Tide triggers a serial test whenever it sees a batch running and no up-to-date pending or passing serial test. Based on the timestamps it looks like Tide was continually triggering a new batch because the existing one was failing before the next Tide sync and we prioritize triggering batches over trigger serial tests so we never got the chance to trigger serial tests.
I think this can be addressed by prioritizing triggering serial tests or by making Tide trigger both batch tests and serial tests in the same sync loop when appropriate.
/assign @stevekuznetsov
WDYT?
We should probably trigger both.
/sig testing
IMHO we should just stop silently swallowing batch test errors and re-testing forever and instead report them to the PRs, so tide doen't consider the PRs again until someone issues a /retest to make their contexts green again: https://github.com/kubernetes/test-infra/issues/12216#issuecomment-529192971
Isn't that against the premise of tide though? A flake in a batch shouldn't require human intervention IMO. Even the /retest on LGTM + approve + flake is onerous and has been ~automated
The /retest on LGTM+approve+flake _is_ automated though? So if it did report the failure we'd auto retest it, serially.
The /retest on LGTM+approve+flake is automated though? So if it did report the failure we'd auto retest it, serially.
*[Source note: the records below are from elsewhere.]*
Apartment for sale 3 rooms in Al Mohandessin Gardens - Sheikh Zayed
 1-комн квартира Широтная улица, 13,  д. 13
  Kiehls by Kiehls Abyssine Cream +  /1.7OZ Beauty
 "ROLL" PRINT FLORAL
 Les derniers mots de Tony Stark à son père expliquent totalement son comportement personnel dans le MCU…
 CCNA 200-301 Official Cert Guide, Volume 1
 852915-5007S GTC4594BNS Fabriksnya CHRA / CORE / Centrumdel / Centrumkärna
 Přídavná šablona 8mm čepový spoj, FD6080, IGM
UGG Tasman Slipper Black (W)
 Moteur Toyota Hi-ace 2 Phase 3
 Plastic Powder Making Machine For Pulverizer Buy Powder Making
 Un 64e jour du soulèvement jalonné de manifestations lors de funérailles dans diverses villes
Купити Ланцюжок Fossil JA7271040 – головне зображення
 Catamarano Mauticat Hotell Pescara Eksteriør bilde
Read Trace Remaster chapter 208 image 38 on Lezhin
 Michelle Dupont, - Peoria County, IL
But still introduce some jitter as the /retest command gets posted after some delay
Issues go stale after 90d of inactivity.
Mark the issue as fresh with /remove-lifecycle stale.
Stale issues rot after an additional 30d of inactivity and eventually close.
If this issue is safe to close now please do so with /close.
Send feedback to sig-testing, kubernetes/test-infra and/or fejta.
/lifecycle stale
Stale issues rot after 30d of inactivity.
Mark the issue as fresh with /remove-lifecycle rotten.
Rotten issues close after an additional 30d of inactivity.
If this issue is safe to close now please do so with /close.
Send feedback to sig-testing, kubernetes/test-infra and/or fejta.
/lifecycle rotten
Rotten issues close after 30d of inactivity.
Reopen the issue with /reopen.
Mark the issue as fresh with /remove-lifecycle rotten.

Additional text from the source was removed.